Recovery of vermicelli makers stunted by high input costs
Makers of shemai, a type of roasted vermicelli used in traditional desserts, are struggling to recover from two years of strife caused by decreased demand amid the Covid-19 pandemic coupled with higher raw material costs.
Vermicelli is consumed year-round but demand is particularly high during the two Eid festivals.
However, the coronavirus pandemic made it near impossible for people to celebrate any occasion as the government imposed various restrictions in a bid to tame the spiralling infection rate.
To make matters worse, the price of key cooking ingredients such as oil rose from Tk 25,000 to Tk 32,000 per drum while the cost of butter went from Tk 900 to Tk 1,100 per carton in the past two years, according to Hasan Ali Alal, proprietor of Akboria Limited.
Similarly, the price of flour doubled from Tk 800 per sack to Tk 1,200 for the same amount, he added.
Akboria produces five to seven varieties of vermicelli worth about Tk 4-5 crore each year with most sales coming during the Eid seasons.
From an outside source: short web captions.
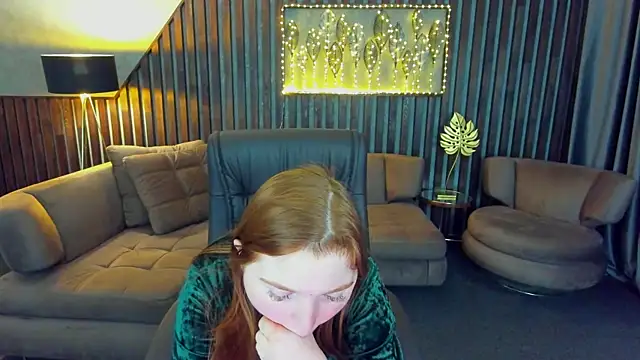 Snapshot of KattyRose8 chatting on April 13, 2026, 5:44 am KattyRose8 online show from April 13, 2026, 5:44 am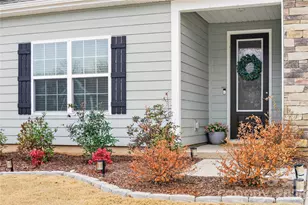 131 N Sina St, Troutman, NC 28166 - Photo 21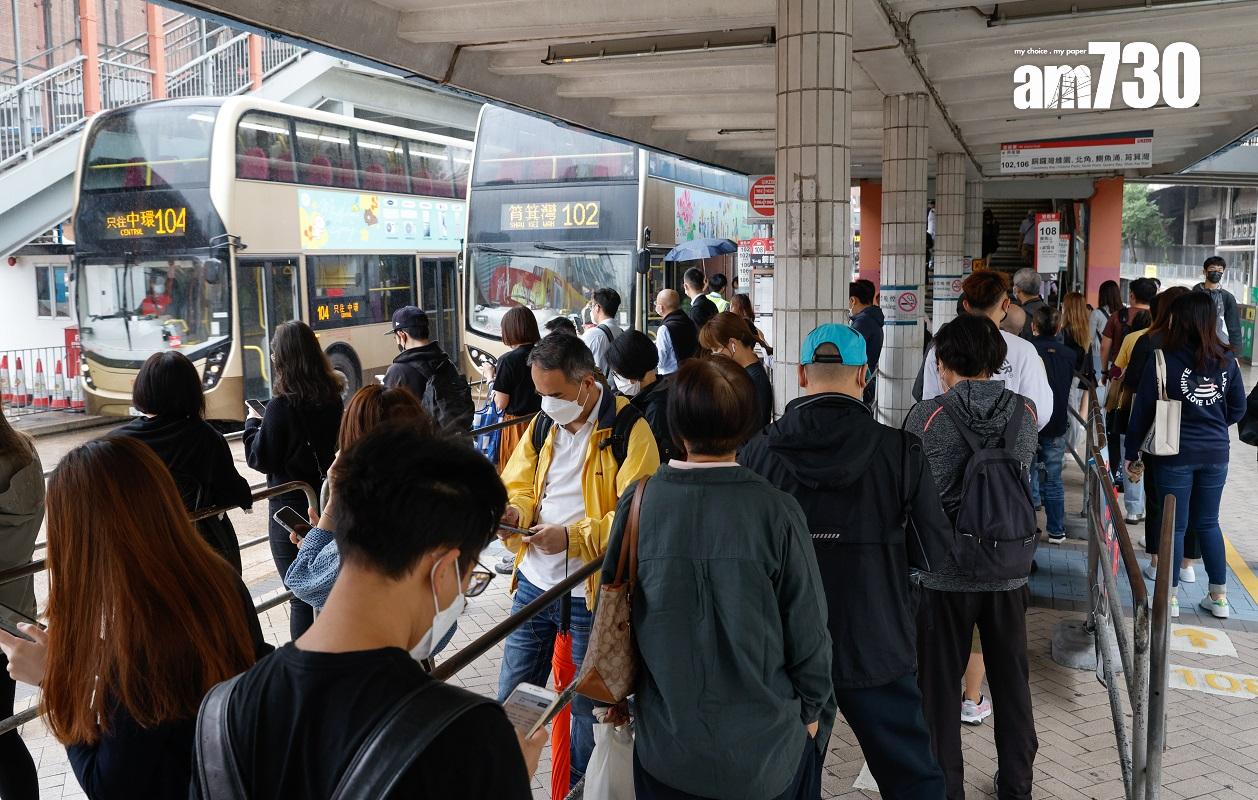 有議員認為,鼓勵公眾改用公共交通的前提是道路要暢通。(資料圖片/蘇文傑攝)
"Most of the vermicelli made in northern districts comes from Bogura but this year traders are producing less due to the rise in input costs," he said.
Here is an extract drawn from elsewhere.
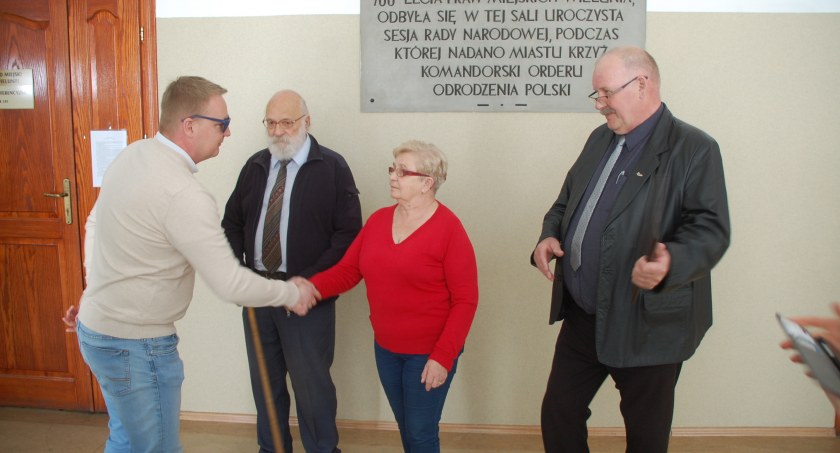 Inicjatorzy referendum odpuścili, rezygnując z dalszego zbierania podpisów. Referendum w sprawie odwołania burmistrza Pawła Okrasy nie będzie, a przynajmniej nie w tej kadencji. Na zdjęciu przedstawicielom komitetu referendalnego podziękowania za zaangażowanie i odwagę składa radny Wojciech Psuja, k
"Last year, we sold 500 gram packets of premium quality vermicelli for Tk 900 but this year we are compelled to sell at Tk 1,100 per packet considering the higher production cost, which increased by around 25-30 per cent," Alal added.
Echoing the same, Abdur Rashid, a resident of Shajahanpur upazila who has been in the business for around 36 years, said many traders started producing vermicelli just one or two months ahead of the upcoming Eid-ul-Fitr as customers are now less inclined to buy the product at higher prices.
"I made just 150 sacks of vermicelli weighing 37 kilogrammes each targeting Eid sales this year," he added.
Fine vermicelli was first introduced in the region around 50 to 60 years ago in Naogaon district, where people made the product by hand.
"After the process became automated about 30 years ago, I started producing vermicelli by machine," said Afsar Uddin, proprietor of Janata Foods.
Uddin now has six machines at his factory that can produce more than 1,000 sacks of shemai annually.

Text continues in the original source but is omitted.